RINEX (Receiver Independent Exchange Format) is the standardized ASCII format for storing and exchanging raw GNSS observation and navigation data, enabling interoperability between receivers, processing software, and data archives from different manufacturers. Developed to facilitate international GNSS campaigns in the 1980s and continuously evolved since, RINEX has become the universal format for post-processed GNSS applications including surveying, geodesy, and scientific research.
RINEX files are organized into three main categories. Observation files contain the raw measurements collected by receivers: pseudoranges, carrier phases, Doppler shifts, and signal strength values for each tracked satellite at each epoch. Navigation files contain satellite ephemeris and clock data, the orbital parameters receivers need to compute satellite positions. Meteorological files capture temperature, pressure, and humidity observations used for tropospheric modeling. Each file begins with a header section containing metadata about the station, receiver, antenna, and data content, followed by the measurement data organized by epoch.
The RINEX format has evolved through multiple versions to accommodate modernizing GNSS capabilities. RINEX 2.x versions support GPS and GLONASS with limited signal distinction. RINEX 3.x versions introduced comprehensive multi-constellation support (GPS, GLONASS, Galileo, BeiDou, QZSS, SBAS) with explicit observation codes identifying each signal type. RINEX 4.x further refined multi-constellation handling and added support for emerging signals. Users must ensure format version compatibility between data and processing software.
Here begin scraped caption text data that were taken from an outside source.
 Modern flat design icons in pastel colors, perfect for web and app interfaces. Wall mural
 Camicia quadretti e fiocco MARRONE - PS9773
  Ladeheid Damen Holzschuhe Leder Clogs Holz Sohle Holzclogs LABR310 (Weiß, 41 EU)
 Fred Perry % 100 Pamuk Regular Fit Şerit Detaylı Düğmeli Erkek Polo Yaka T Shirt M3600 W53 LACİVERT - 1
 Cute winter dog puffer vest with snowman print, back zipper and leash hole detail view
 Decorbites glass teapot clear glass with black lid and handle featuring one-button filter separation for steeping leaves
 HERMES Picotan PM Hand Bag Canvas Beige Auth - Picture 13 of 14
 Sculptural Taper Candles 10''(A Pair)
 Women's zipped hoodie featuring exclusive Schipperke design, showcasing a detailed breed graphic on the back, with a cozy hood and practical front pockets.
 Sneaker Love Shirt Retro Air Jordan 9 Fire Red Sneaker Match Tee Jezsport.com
For GNSS professionals, RINEX provides essential workflow capabilities. Data from any receiver can be processed in any software that supports RINEX, eliminating vendor lock-in. Reference station data from CORS networks is typically distributed in RINEX format, enabling post-processed positioning. Long-term data archives use RINEX (often with Hatanaka compression) for efficient storage and retrieval. Quality control tools analyze RINEX files to assess receiver performance and identify data issues. RINEX is the lingua franca of the precision GNSS community.